Opinion Shouldn't the education system produce young adults that are ideal for society?

Wtf are you talking about?

Are you under the impression job promotions don't exist in communist countries?

I willing to bet you have never discussed these views with anyone who actually experienced communism.

In short, your ideas are laughable.
How much are you willing to bet? My gf is sitting 8 feet from me right now and is from the soviet union. Her parents are both retired doctors and have a household income of $1800/year, her sister moved here and is also a doctor made $630,000 last year.
 
What the fuck are you talking about? You dont think communist countries have have businesses? Surprise, they do
<Huh2>

Oh shit, why didn't anybody think of that? Those dumb turkies just had to start a business and they'd get rich and stop having to spend all their free time waiting in line for basic necessities.
 
I like how you slyly inverted the common complaint of Conservatives against the liberal orthodoxy that if you cite basic scientific facts about the differences between men and women, for example, liberals freak out. They can't handle it.

Er, that's not a real complaint. Liberalism is just the political arm of science, while conservatives value other forms of conviction (revelation, intuition, authority, etc.). That's since the beginning of both liberalism and conservatism, but it applies still. Made this post in another thread:

"I think it's clear that just having a commitment to accuracy will make you unacceptable to the right in America. Imagine someone saying:

1. Evolution is real, and the Earth is ~4.5 billion years old.
2. Human activity is causing climate change.
3. Regressive tax cuts increase deficits and don't noticeably affect economic growth.
4. Immigration has a positive impact on native wages and reduces crime.

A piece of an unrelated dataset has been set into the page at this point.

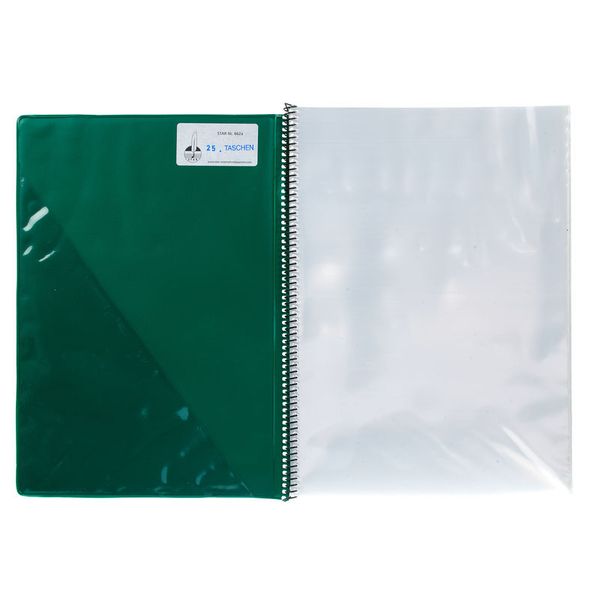 Star Music Folder 662a/25 Green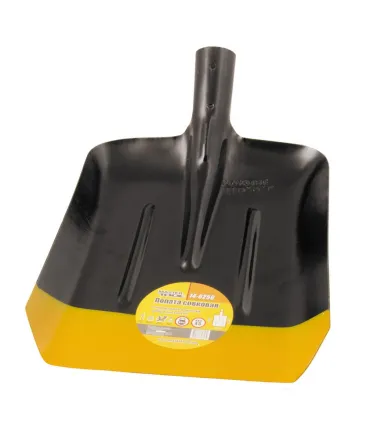 Stallschaufel MASTERTOOL 235*285*360 mm schwarz/gelb ohne Stiel 14-6256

You'd assume that they're on the "left" and fume about them even though those are all objectively true statements that even someone who is ideologically on the right would have to admit if they looked into it and were honest about what the evidence said.

Relating it to this thread, telling the truth about the evidence about Biden's actions or Trump's actions would similarly anger right-wingers and have them assume that you're on the left."

He's very clever in a deceptive way. He constantly projects the left's own flaws and failings onto the right, it's annoying AF, but apparently it's a good way to garner power.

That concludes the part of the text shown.